Oracle Shape Shifts Search

April 28, 2010

Oracle’s SES10g search system and the native search functions in PL/SQL provide licensees with ways to locate information. Oracle has been moving to leap frog the problems of traditional search, and the article “Florida State U Transforms Reporting with Business Intelligence” may provide a glimpse of what Oracle will do to prevent search vendors from poaching. The article says:

Online Management of Networked Information, or OMNI, the university’s name for its ERP system, consists of an enterprise portal, financials, HR and payroll, and enterprise performance management. That word, “online,” is revealing. Beginning in March 2008 Florida State has been in a continuing process to move off of third-party BI vendor and legacy tools for reporting and to open up its data systems to 1,500 active users on campus through several analytics tools provided in Oracle Business Intelligence Suite Enterprise Edition Plus (OBIEE). These include a query system; dashboards; Microsoft Office-integrated analytics; and “ibots,” e-mail alerts sent when specific user-set conditions in the data occur.

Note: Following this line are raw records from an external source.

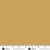 Garland by Laundry Basket Quilts Garland Gold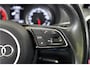 Audi A3 Sportback 35 TFSI CoD Design Pro Line Plus | Stl. verw. | Climate | PDC | LED |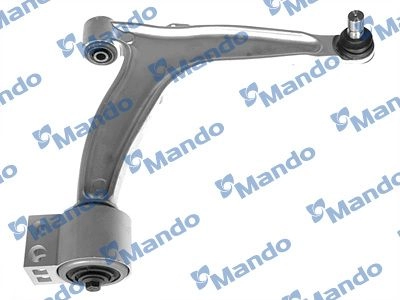 Рычаг подвески MANDO MSA016085 1439981801 U J0VZEC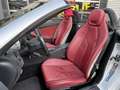 Mercedes-Benz SLK 200 K. Automaat - Navigatie I Leer I Xenon I Airco I S Gris - thumbnail 32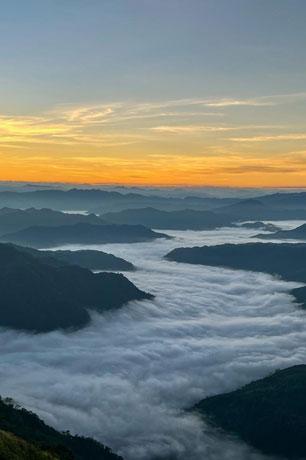 MIZORAM 3N4D - Gallery image 3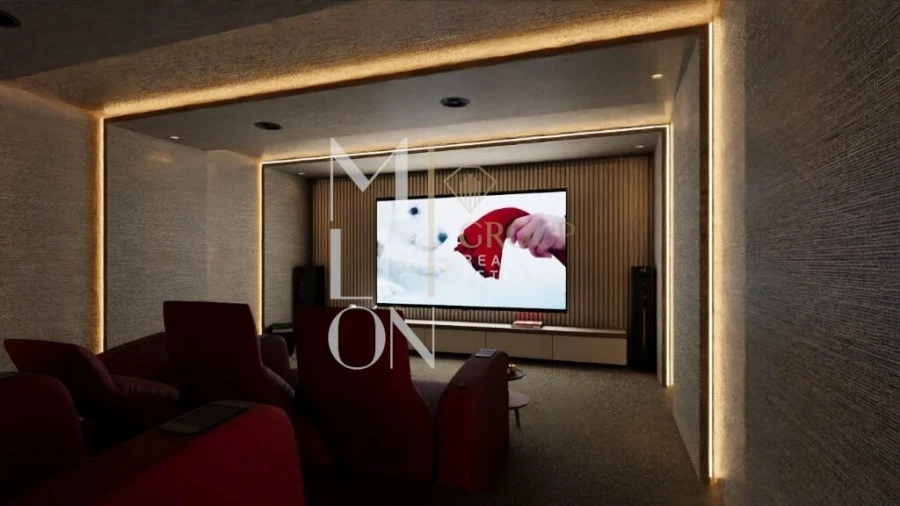 Moradia T5 para Venda em São Gonçalo Foto 29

Two points. The article focuses on the financial payback, estimated at no less than $360,000. Second, the integrated system delivers needed information in the context of an integrated system courtesy of Oracle. Forget search. The new system tells users about important events.

What happens to search? It becomes a utility, not the main event. I keep hearing rumors that Oracle is thinking about buying a traditional search and content processing vendor. That may be true. The story to watch is Oracle’s using cost savings and desirable new features to deemphasize traditional search. Will the approach work? To many organizations that $360,000 savings looks tempting enough to make the set up sticker shock lose its impact.